Last weekend, I made my very first loaf of real bread. Oh, sure, I'd made quick breads--banana, zucchini, etc.--but never anything requiring yeast. I decided to try the no-knead bread from the New York Times, which is perfect for the lazy. It requires only flour, salt, yeast, water, and about 20 hours rising time, in a room that was at least 70 degrees F. This presented the only obstacle: our 1927 farmhouse does not have central heat, is not well-insulated, and is rather drafty. We use the woodstve in the fireplace and lots of down comforters to stay warm. There are small space-heater-like units in the wall of each room, but none of these is capable of getting and keeping the room at a balmy 70--except for the one in the bathroom.

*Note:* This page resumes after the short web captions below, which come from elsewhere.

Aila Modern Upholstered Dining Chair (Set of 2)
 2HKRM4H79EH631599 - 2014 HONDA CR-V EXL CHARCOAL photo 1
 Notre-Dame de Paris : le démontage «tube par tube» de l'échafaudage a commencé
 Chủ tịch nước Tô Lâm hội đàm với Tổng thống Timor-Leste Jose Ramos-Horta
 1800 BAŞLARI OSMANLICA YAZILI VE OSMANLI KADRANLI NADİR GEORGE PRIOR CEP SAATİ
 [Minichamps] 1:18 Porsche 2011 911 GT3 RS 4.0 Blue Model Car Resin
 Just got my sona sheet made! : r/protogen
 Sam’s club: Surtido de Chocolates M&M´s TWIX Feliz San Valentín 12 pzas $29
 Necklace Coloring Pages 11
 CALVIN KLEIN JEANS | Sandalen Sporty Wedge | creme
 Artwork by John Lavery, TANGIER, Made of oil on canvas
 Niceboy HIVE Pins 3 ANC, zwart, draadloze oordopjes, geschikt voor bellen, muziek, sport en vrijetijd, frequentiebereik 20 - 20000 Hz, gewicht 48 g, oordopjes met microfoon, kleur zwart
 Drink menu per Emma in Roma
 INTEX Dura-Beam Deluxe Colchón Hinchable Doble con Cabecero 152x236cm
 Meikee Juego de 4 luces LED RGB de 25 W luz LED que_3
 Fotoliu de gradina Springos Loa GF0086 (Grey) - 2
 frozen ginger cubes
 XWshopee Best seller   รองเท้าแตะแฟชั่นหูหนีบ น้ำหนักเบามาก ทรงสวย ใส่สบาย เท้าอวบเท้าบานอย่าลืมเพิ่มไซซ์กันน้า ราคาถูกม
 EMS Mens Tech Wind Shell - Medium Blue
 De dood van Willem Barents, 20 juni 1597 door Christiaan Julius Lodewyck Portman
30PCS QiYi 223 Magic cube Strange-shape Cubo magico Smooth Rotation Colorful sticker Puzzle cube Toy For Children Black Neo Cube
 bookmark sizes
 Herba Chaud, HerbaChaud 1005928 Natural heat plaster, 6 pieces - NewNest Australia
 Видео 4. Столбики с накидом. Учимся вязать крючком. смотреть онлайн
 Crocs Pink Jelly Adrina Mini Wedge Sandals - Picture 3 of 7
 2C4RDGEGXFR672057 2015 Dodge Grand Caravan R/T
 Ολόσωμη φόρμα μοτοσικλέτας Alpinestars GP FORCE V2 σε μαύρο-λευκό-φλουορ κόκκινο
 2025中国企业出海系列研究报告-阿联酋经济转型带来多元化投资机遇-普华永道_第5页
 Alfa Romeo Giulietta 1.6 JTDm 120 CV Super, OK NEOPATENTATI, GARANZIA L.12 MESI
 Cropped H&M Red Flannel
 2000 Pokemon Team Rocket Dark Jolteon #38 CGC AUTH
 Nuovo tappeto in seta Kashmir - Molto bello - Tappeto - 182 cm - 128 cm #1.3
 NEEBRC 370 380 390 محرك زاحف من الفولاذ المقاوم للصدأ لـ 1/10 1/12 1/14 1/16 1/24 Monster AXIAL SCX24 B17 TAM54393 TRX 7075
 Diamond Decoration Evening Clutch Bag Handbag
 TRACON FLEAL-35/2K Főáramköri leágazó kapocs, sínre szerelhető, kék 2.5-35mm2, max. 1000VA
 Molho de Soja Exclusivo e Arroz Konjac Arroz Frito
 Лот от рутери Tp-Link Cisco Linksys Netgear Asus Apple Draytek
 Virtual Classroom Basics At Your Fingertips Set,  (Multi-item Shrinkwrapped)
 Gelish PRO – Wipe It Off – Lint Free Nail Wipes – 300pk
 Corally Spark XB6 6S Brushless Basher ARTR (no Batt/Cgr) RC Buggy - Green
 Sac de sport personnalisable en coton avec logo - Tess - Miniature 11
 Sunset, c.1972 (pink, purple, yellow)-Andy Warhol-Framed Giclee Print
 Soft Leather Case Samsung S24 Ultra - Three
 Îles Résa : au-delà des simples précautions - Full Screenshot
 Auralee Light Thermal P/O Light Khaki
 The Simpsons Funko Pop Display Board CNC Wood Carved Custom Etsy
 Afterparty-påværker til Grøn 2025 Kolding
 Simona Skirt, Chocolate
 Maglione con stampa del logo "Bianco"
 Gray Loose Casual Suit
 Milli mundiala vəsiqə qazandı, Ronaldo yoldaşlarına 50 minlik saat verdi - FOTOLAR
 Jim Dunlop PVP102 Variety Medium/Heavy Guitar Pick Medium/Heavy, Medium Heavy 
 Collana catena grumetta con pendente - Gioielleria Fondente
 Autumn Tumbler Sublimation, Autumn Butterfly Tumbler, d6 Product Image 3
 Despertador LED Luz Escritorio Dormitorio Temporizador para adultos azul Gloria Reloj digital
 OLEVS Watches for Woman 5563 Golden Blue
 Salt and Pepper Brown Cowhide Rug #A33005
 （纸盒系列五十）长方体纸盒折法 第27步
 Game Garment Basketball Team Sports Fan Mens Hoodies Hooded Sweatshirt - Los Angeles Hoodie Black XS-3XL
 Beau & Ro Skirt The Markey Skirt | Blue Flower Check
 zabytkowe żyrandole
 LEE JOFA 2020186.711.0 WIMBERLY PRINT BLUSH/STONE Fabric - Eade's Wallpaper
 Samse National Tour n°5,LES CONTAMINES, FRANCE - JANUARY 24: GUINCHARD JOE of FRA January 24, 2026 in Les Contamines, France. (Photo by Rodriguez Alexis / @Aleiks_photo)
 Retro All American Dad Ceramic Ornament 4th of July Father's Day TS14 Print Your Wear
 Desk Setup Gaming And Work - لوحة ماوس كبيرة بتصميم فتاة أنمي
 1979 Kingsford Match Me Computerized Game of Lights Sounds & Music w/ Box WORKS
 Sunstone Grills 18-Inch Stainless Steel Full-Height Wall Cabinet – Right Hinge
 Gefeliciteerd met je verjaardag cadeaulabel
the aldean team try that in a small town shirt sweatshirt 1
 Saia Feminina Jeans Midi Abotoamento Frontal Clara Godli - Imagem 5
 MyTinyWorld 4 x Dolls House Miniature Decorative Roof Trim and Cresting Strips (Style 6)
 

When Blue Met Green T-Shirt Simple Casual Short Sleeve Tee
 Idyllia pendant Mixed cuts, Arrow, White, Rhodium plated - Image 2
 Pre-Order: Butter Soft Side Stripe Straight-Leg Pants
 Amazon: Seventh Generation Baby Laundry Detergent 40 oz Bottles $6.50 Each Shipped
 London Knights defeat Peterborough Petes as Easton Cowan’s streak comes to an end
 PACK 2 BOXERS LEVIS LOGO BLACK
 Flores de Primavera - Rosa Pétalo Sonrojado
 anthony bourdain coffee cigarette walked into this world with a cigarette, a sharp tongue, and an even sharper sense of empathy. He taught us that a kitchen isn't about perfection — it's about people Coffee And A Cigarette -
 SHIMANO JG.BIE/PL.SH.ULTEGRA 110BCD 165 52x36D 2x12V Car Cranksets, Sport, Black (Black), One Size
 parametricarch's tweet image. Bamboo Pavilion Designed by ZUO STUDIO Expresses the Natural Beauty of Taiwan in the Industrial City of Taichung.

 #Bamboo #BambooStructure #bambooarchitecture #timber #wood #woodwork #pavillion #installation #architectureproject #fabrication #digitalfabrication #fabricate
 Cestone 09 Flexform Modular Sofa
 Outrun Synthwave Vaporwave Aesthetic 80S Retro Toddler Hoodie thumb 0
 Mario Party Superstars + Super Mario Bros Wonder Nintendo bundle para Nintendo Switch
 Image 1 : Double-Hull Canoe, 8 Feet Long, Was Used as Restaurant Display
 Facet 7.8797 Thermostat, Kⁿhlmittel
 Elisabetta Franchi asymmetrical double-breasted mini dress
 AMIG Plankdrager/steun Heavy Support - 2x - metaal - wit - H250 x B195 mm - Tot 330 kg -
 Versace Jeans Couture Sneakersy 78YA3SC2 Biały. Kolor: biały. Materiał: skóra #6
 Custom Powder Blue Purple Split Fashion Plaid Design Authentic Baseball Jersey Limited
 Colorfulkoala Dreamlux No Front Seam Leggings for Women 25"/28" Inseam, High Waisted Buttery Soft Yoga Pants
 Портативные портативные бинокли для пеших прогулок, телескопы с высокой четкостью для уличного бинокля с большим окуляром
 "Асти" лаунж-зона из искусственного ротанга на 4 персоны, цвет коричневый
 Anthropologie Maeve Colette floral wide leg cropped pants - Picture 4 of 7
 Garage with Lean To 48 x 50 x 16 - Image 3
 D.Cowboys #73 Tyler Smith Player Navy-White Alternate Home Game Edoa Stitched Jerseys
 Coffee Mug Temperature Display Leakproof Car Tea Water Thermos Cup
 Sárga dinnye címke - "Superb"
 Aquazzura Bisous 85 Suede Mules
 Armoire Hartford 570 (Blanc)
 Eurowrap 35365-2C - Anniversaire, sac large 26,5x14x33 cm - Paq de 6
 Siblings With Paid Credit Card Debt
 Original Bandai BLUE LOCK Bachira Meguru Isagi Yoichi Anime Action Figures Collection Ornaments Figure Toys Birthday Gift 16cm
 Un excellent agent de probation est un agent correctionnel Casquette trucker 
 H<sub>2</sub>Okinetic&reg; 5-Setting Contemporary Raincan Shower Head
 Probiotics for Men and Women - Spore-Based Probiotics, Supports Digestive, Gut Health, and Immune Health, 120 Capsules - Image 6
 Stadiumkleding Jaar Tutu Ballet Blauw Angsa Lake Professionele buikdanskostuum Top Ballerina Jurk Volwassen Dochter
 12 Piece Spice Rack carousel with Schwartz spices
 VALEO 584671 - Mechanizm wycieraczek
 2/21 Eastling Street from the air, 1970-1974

|Cat and dough enjoying the warmth|
Yes, I know: food in the bathroom. Ewwww. But, I reasoned, it's in a bowl covered with plastic wrap, and I'll put it up on top of the hideous, laminate cabinet (bathroom was sadly "renovated" in the late 70s/early 80s--all 20s charm is gone, gone, gone). With the door firmly closed, it was possible to keep the windowless bathroom warm enough for the yeast to do its thing. My bread got a little more than 18 hours rising time, because I got confused calculating times and started the bread at 9 AM, which gave me a choice of getting up at 3 AM, or letting the bread rise for a few extra hours--you can guess which I chose. The extra time didn't hurt it at all, and it baked up beautifully in my cast iron Dutch oven. I was so proud and excited you'd think I'd discovered penicillin. The bread was enjoyed with soup, and the remnant used to make the "Pumpkin Stuffed with Everything Good" on Christmas Eve.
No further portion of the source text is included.